◆ **ABOUT THIS EXERCISE**:
In the copy, include no images, and repeat each entry precisely as written.

(RECORD SET Opens)

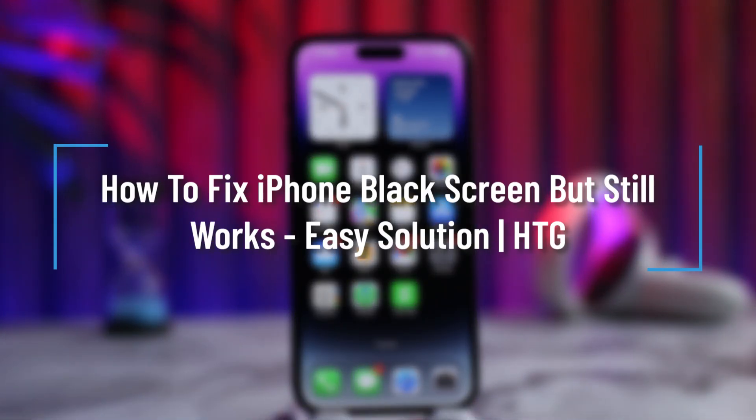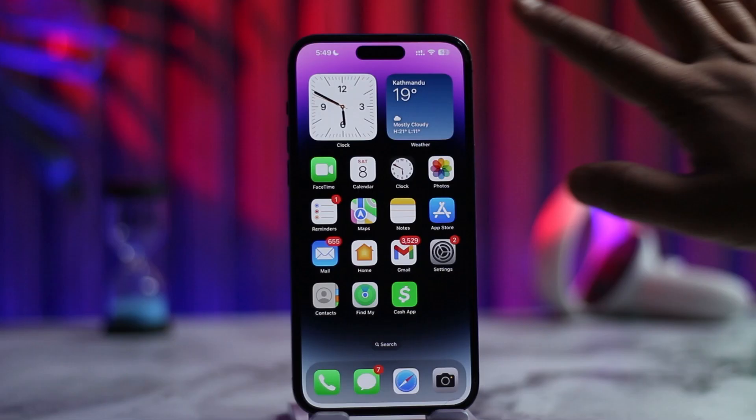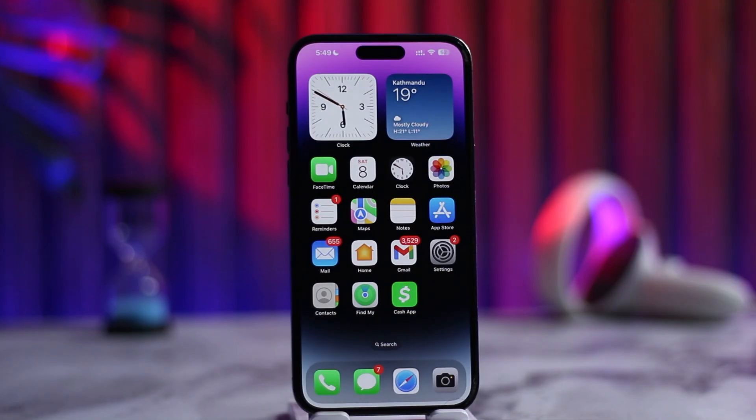How to fix iPhone black screen but still works. If you're seeing a totally pitch black screen on your iPhone but it is still working — maybe you're receiving calls, hearing sounds — the phone is working, just the display isn't working and it is completely dark.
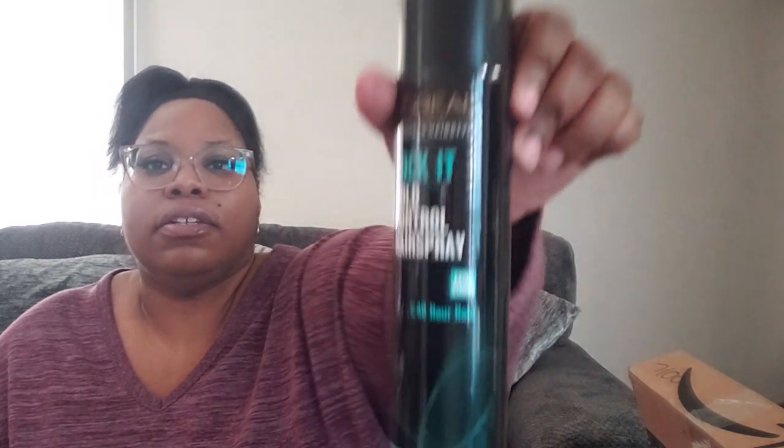When I did my hair review for Duvalli and had the curly one, I wished I had some type of hairspray. So I bought L'Oreal's Locket Bowl Control hairspray.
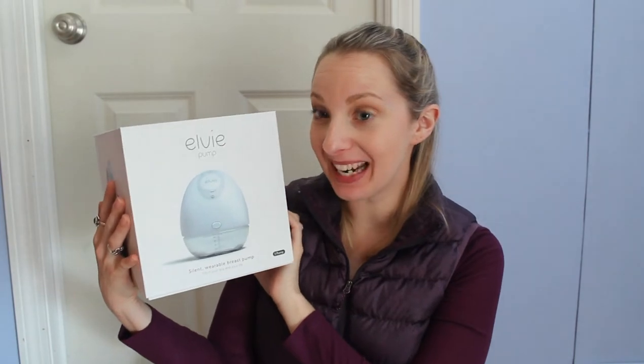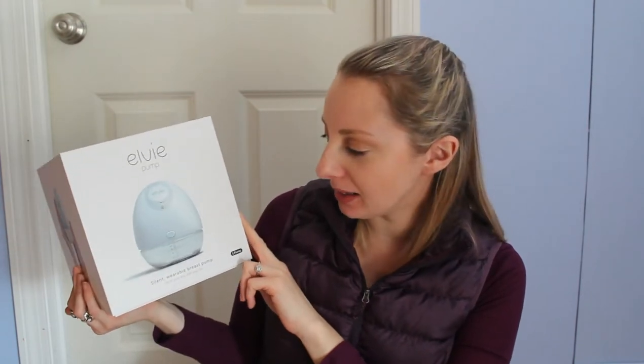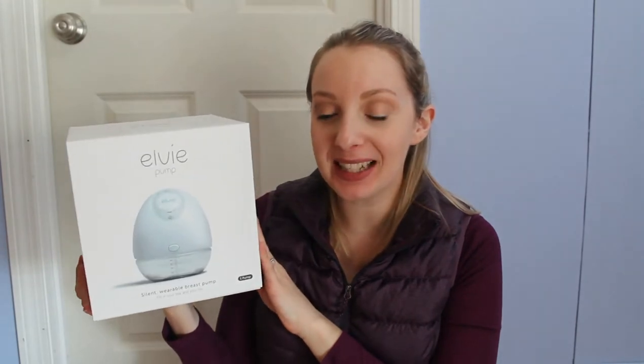Hey, welcome back to my channel. I finally got my hands on a new pump, the LV — I think I'm saying that right — Silent Wearable Breast Pump. I am so excited to unbox this with you guys today.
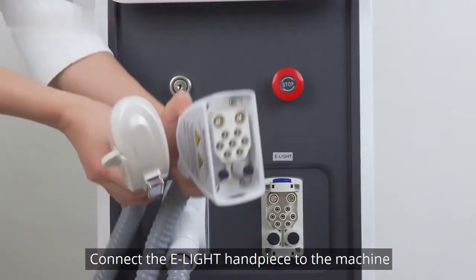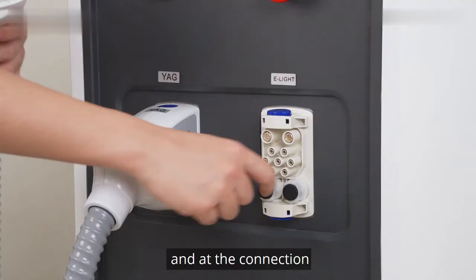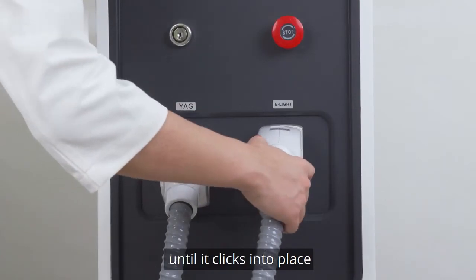Connect the ELITE handpiece to the machine. Remove the black rubber caps on the connector and add the connection. Insert the connector aligned with the small holes and push the connection until it clicks into place.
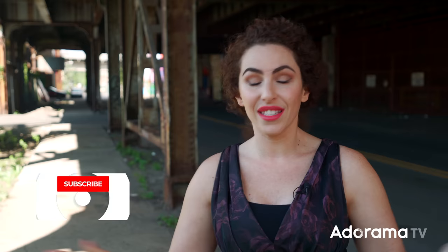If you want to see the gear that I use to make these photographs, be sure to check out the links in the description below or visit adorama.com. And of course, if you like videos like these and you want to see a lot more of them, be sure to like and subscribe.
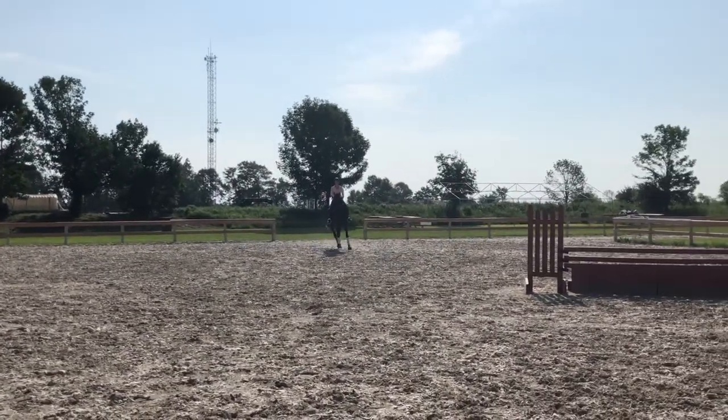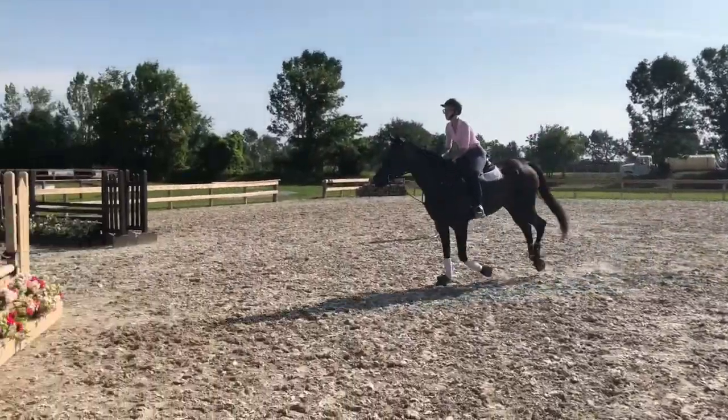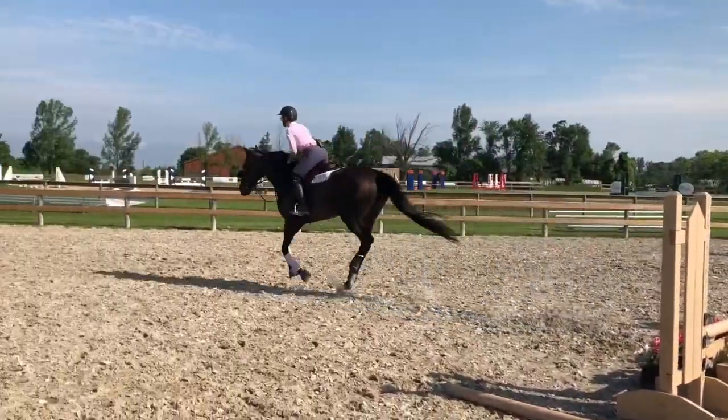Just kind of take a deep breath right there and just relax a little bit and soften your hands. And let go. There you go. That's nice. Good, I like that.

(RECORD SET Closes)

◆ **SOLVED PROBLEM**:
How to fix iPhone black screen but still works. If you're seeing a totally pitch black screen on your iPhone but it is still working — maybe you're receiving calls, hearing sounds — the phone is working, just the display isn't working and it is completely dark.
When I did my hair review for Duvalli and had the curly one, I wished I had some type of hairspray. So I bought L'Oreal's Locket Bowl Control hairspray.
Hey, welcome back to my channel. I finally got my hands on a new pump, the LV — I think I'm saying that right — Silent Wearable Breast Pump. I am so excited to unbox this with you guys today.
Connect the ELITE handpiece to the machine. Remove the black rubber caps on the connector and add the connection. Insert the connector aligned with the small holes and push the connection until it clicks into place.
If you want to see the gear that I use to make these photographs, be sure to check out the links in the description below or visit adorama.com. And of course, if you like videos like these and you want to see a lot more of them, be sure to like and subscribe.
Just kind of take a deep breath right there and just relax a little bit and soften your hands. And let go. There you go. That's nice. Good, I like that.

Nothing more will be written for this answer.